Un bilan somatique complet a
par ailleurs montré l’existence
d’une rétinopathie non proliférative, sans conséquence visuelle. Le poids est de 90 kg pour
1,85 m, soit un IMC de 28,5.
Les symptômes de Monsieur N.
Monsieur N. consulte un neurologue, à la demande du médecin
traitant, du fait de l’apparition de
douleurs des membres inférieurs
depuis 6 mois environ, qu’il décrit
comme des sensations de brûlure
superficielle de pieds survenant
essentiellement en période vespérale et qui le gênent pour s’endormir. Ces douleurs peuvent
d’ailleurs être insomniantes, et le
patient arpente alors sa chambre,
pratique un massage des pieds, ou
prend un bain de pieds froid. Ces
mesures restent cependant sans
effet significatif, tout autant que
la prise de 1 g de paracétamol au
coucher ou la nuit.
Un entretien semi-dirigé évaluant les caractéristiques de
la séméiologie douloureuse
permet d’apprendre que Monsieur N. ressent également une
sensation
d’engourdissement
plantaire bilatérale depuis plusieurs mois, ainsi que des paresthésies des orteils, essentiellement en fin de journée ou après
la marche.
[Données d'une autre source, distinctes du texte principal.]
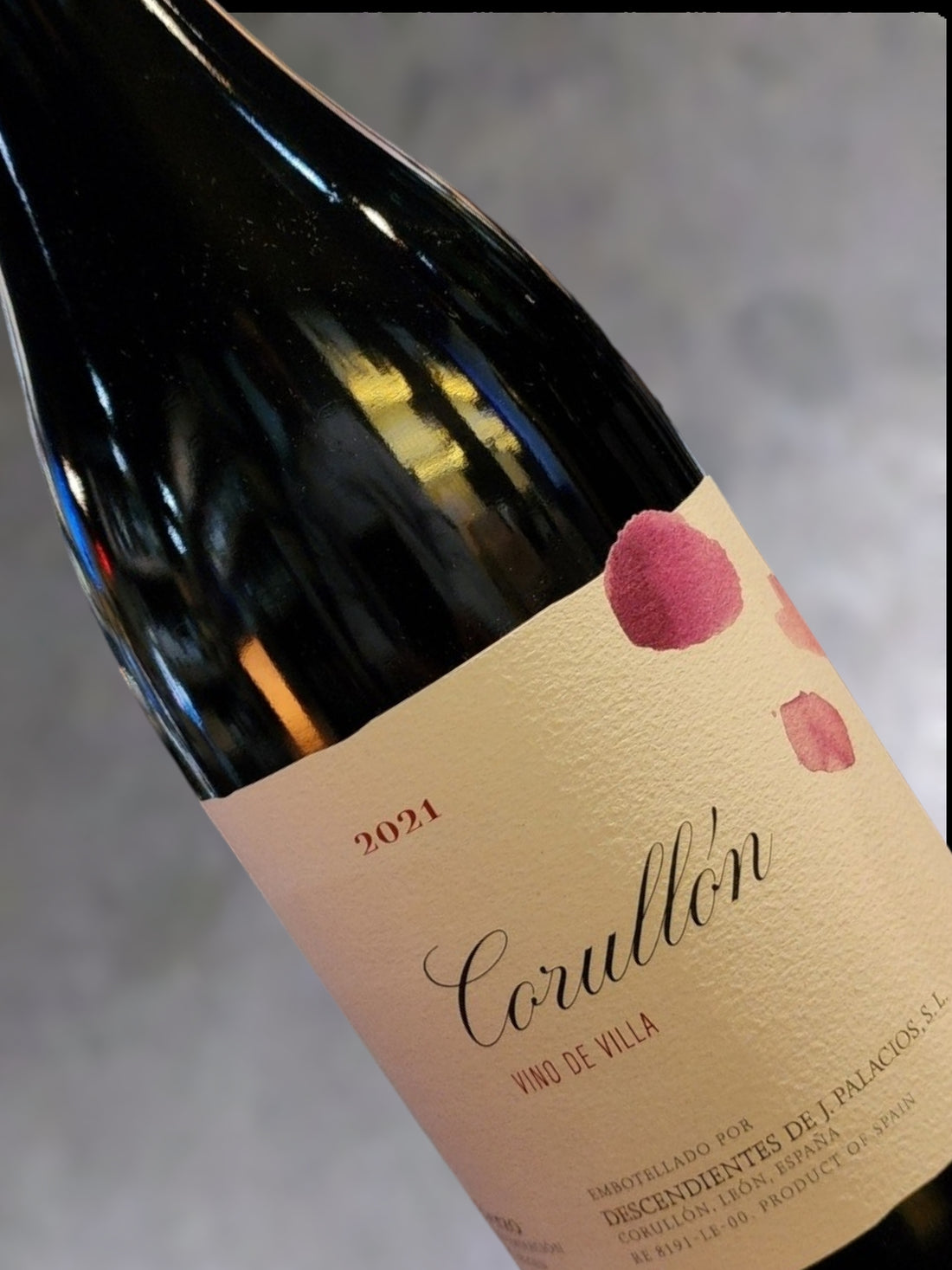 Palacios Corullon 2022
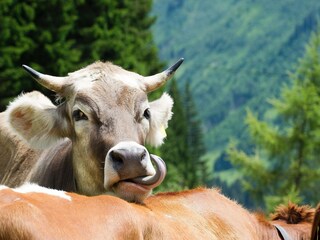 Apartamento Damüls Entorno 25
Cette gêne, tout autant que la douleur, sont essentiellement ressenties au repos,
jamais au cours de l’activité professionnelle (juriste), ni au cours
de l’activité sportive (natation,
2 heures par semaine).
Monsieur N. ne décrit pas de
sensation de faiblesse motrice
aux membres inférieurs, mais
présente des épisodes lombalgiques fugaces, fréquents depuis
2 ans.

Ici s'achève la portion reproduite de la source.